By Alika Lafontaine, Chair, Indigenous Health Alliance & President, Indigenous Physicians Association of Canada.
See original article published in the Ottawa Citizen here
June 20, 2016 – In a well-publicized answer to the reasons for his cabinet’s gender parity, Prime Minister Justin Trudeau famously stated last fall, “Because it’s 2015.” This summarized a self-evident truth: Full engagement of women in our country’s future enhances the value of being Canadian. Reflecting on the anniversary of the Truth and Reconciliation Commission’s “Calls to Action,” consider this a self-evident truth for Indigenous Peoples as well.
Indigenous Peoples suffer worse health disparities than almost any other demographic. These health disparities are widening, in some cases accelerating. Canadians’ awareness of this reality is high, but the plight of Indigenous Peoples still seems far away.
There are very real consequences to these disparities. The human cost of morbidity and death. Increased health-care costs for advanced disease and critical care intervention. Measurable opportunity costs of lost productivity and lost capacity-building, estimated in the billions.
Few argue the status quo is an option. Still, we justify our inaction through familiar excuses: jurisdictional ambiguity; a need for more research; a belief Indigenous patients don’t care about their health or are uneducated; disparities as a result of inherent genetic and cultural characteristics. We approach the challenge waiting for someone else to act, repeating yet another study or dismissing it outright. If indigenous patients don’t care, why should I?
These justifications are the most rigid barrier to transforming indigenous health. Excuses that the problems aren’t mine, so I’m not going to solve them. Not making data-driven decisions. Disenfranchised patients. Are these not the same challenges we are addressing in mainstream health? Could we not consider similar solutions?
Mainstream health transformation has four pillars: clear communication; strong engagement; targeted intervention; and cultural transformation. These pillars have enabled revolutions in patient safety, clinical quality and patient-centred care, making enormous impacts on health outcomes. Framing indigenous health as an impossible challenge is a mischaracterization; problems are community-specific but can still be generalized to the common issues in health care.
We have been asking ourselves, “How do we deal with the unique challenges in indigenous health?” A more actionable question is, “How are challenges in the mainstream health care system similar and how can we ensure a safe, high-quality, patient-centred approach in indigenous health?”

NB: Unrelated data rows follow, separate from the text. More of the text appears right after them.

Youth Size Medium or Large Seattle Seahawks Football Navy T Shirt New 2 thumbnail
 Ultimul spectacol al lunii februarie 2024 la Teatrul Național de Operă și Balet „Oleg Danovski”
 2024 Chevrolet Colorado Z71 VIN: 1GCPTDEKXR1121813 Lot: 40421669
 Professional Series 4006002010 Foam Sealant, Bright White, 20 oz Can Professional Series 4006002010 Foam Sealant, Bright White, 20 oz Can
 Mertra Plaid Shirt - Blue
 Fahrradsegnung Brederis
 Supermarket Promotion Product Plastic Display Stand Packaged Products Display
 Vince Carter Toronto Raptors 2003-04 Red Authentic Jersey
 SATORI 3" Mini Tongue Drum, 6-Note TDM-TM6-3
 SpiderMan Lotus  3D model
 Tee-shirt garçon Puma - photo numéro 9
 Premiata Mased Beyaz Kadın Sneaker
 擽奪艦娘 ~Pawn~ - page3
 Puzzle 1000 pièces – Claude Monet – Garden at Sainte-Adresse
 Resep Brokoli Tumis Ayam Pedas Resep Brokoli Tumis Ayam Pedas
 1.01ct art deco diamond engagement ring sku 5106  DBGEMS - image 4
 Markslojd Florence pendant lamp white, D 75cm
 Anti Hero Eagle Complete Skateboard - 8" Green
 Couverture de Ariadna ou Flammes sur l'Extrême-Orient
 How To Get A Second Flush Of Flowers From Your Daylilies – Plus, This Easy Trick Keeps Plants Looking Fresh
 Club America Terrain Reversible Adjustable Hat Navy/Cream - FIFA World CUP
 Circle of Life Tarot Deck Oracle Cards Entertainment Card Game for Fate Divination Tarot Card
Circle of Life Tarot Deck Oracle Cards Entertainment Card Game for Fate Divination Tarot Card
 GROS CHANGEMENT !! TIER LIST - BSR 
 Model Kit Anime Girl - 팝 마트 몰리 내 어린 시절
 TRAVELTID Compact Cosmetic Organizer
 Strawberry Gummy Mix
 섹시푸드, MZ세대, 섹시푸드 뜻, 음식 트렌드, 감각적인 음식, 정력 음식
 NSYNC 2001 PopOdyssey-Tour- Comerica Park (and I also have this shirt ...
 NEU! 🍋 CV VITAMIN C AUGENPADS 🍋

The facts are compelling when indigenous health is considered from a safe, high-quality, patient-centred point of view. Mainstream health care has strong legislative frameworks that necessitate thresholds of safety and quality; these safeguards do not exist on-reserve. There is no Health Professionals Act, Health Quality Act or Health Act on-reserve. These are provincial laws, not federal. Without these acts, there is no legally enforceable regulatory regime, no legislated mechanism for health quality and no minimum threshold of care. Everything is policy. Policy is fickle. It is not accountable. It is not equal.
To achieve equity in indigenous health – something seven in 10 Canadians desire in a recent HealthCareCAN-commissioned poll – we need to develop the same hope we have towards mainstream health transformation. Things can change. We can become more effective. We have no other option because health is a fundamental human right.
Indigenous Peoples are ready for health-system transformation. On June 7, regional chiefs representing 150 First Nations spoke directly to health leaders at the National Health Leaders Conference (co-sponsored by HealthCareCAN and the Canadian College of Health Leaders), the largest annual gathering of health leaders in Canada. The message First Nations brought was one of revolution: changing the way we think, feel and act towards Indigenous health.
Overwhelmingly, health leaders voted to make implementation of the Truth and Reconciliation’s seven Calls to Action on health their top priority for 2017. On the anniversary of those Calls to Action, let us join a growing indigenous health revolution.
Not because its easy. Not because its effortless. Because in 2016, this truth is self-evident.
Alika Lafontaine is Chair, Indigenous Health Alliance and President, Indigenous Physicians Association of Canada.